# NumPy float_power

Hello and welcome to this tutorial on Numpy float_power. In this tutorial, we will be learning about the NumPy float_power() method and also seeing a lot of examples regarding the same. So let us begin!

Also Read: NumPy Power – Raising another number to the power of

## What is NumPy float_power?

The `float_power()` method in NumPy is a function that returns an array calculated by raising the elements in one array to the power corresponding to the value in the second array.

If x1 and x2 are two arrays, then `float_power(x1, x2)` computes the output element-wise, i.e. by raising each value in x1 to the value in x2 at the corresponding position. As the name of the function itself suggests, its default return type is float. We will see the examples for this function in the upcoming section of this tutorial.

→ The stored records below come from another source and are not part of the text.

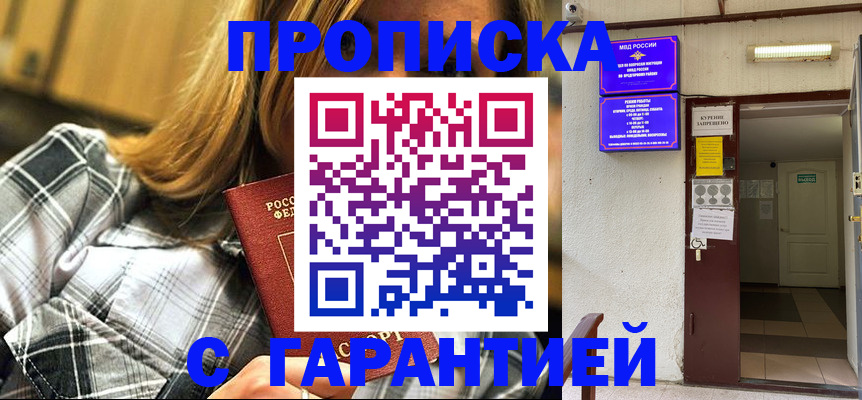 временная регистрация в Кирсанове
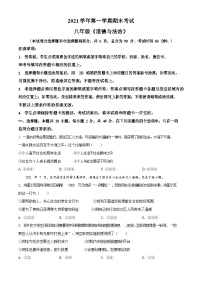 2021-2022学年广东省广州市天河区八年级上学期期末道德与法治试题（含答案）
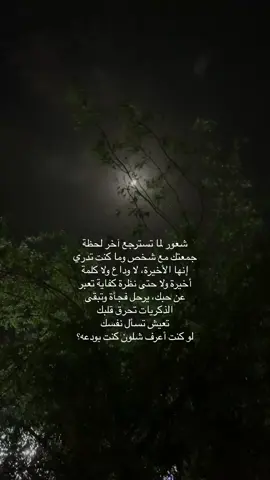 ‏اللهُم أرحم من أخذهم الموت، ‏وإجعلهم يبتسمون فرحاً في جنتك. 💔#اكسبلورexplore #explore #اكسبلور #explorar #اللهم_ارحم_موتانا_وموتى_المسلمين 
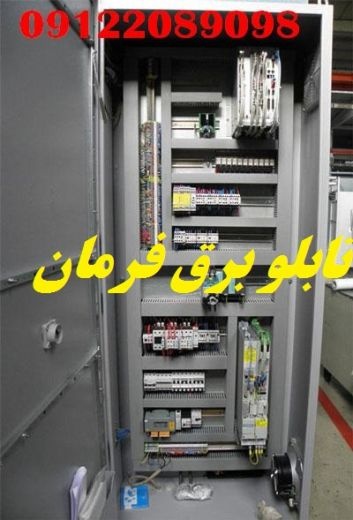 ساخت و مونتاژ و نصب تابلوهای فرمان و کنترل تخصصی
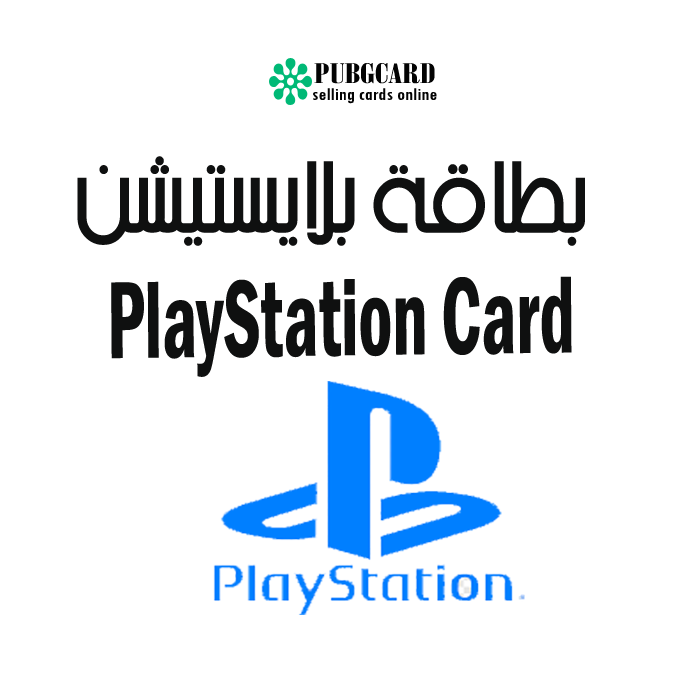 PlayStation Card $20 USA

## Syntax of NumPy float_power

```numpy.float_power(x1, x2, /, out=None, *, where=True, casting='same_kind', order='K', dtype=None, subok=True[, signature, extobj])
```

Returns:
An array containing the result of x1 raised to x2, element-wise. If x1 and x2 are scalar, then the result is also a scalar.

## Examples of Numpy float_power()

Lets now get right into the examples and understand how the `float_power` method actually works.

### When both inputs are scalars

```import numpy as np

a = 5
b = 3
# using the float_power method
ans = np.float_power(a, b)

print("a = ", a, "\nb =", b)
print("Result = ", ans)
```

Output:

```a =  5
b = 3
Result =  125.0
```

A simple example where the result is calculated as

```5^3 = 125
```

### When one input is a scalar and the other a 1-dimensional array

```import numpy as np

a = [0, -2, 4, -6, 8]
b = 3
# using the float_power method
ans = np.float_power(a, b)

print("a = ", a, "\nb =", b)
print("Result = ", ans)
```

Output:

```a =  [0, -2, 4, -6, 8]
b = 3
Result =  [   0.   -8.   64. -216.  512.]
```

Here, each element in the array a is raised to the power b and the output is calculated as

```ans[0] = a[0] ^ b = 0 ^ 3 = 0
ans[1] = a[1] ^ b = -2 ^ 3 = -8
ans[2] = a[2] ^ b = 4 ^ 3 = 64
ans[3] = a[3] ^ b = -6 ^ 3 = -216
ans[4] = a[4] ^ b = 8 ^ 3 = 512
```

From the output, we can see that the function also handles negative values.

### When both the input arrays are 1-dimensional

```import numpy as np

a = [3, 1, 4, 2.5]
b = [0, 2, 2.7, 4]
# using the float_power method
ans = np.float_power(a, b)

print("a = ", a, "\nb =", b)
print("Result = ", ans)
```

Output:

```a =  [3, 1, 4, 2.5]
b = [0, 2, 2.7, 4]
Result =  [ 1.          1.         42.22425314 39.0625    ]
```

Here, each element in a is raised to the power of the corresponding element in b and the output is calculated as:

```ans[0] = a[0] ^ b[0] = 3 ^ 0 = 1
ans[1] = a[1] ^ b[1] = 1 ^ 2 = 1
ans[2] = a[2] ^ b[2] = 4 ^ 2.7 = 42.22425314
ans[3] = a[3] ^ b[3] = 2.5 ^ 4 = 39.0625
```

Observe that even floating point numbers are handled by the `float_power()` method.

### When both the input arrays are 2-dimensional

```import numpy as np

a = [[1, 2], [6, 3]]
b = [[2, 5], [2, 3]]
# using the float_power method
ans = np.float_power(a, b)

print("a = ", a, "\nb =", b)
print("Result = \n", ans)
```

Output:

```a =  [[1, 2], [6, 3]]
b = [[2, 5], [2, 3]]
Result =
[[ 1. 32.]
[36. 27.]]
```

Similar to the above example,

```ans[0][0] = a[0][0] ^ b[0][0] = 1 ^ 2 = 1
ans[0][1] = a[0][1] ^ b[0][1] = 2 ^ 5 = 32

ans[1][0] = a[1][0] ^ b[1][0] = 6 ^ 2 = 36
ans[1][1] = a[1][1] ^ b[1][1] = 3 ^ 3 = 27
```

## Conclusion

That’s all! In this tutorial, we learned about the Numpy float_power method and practiced different types of examples using the same.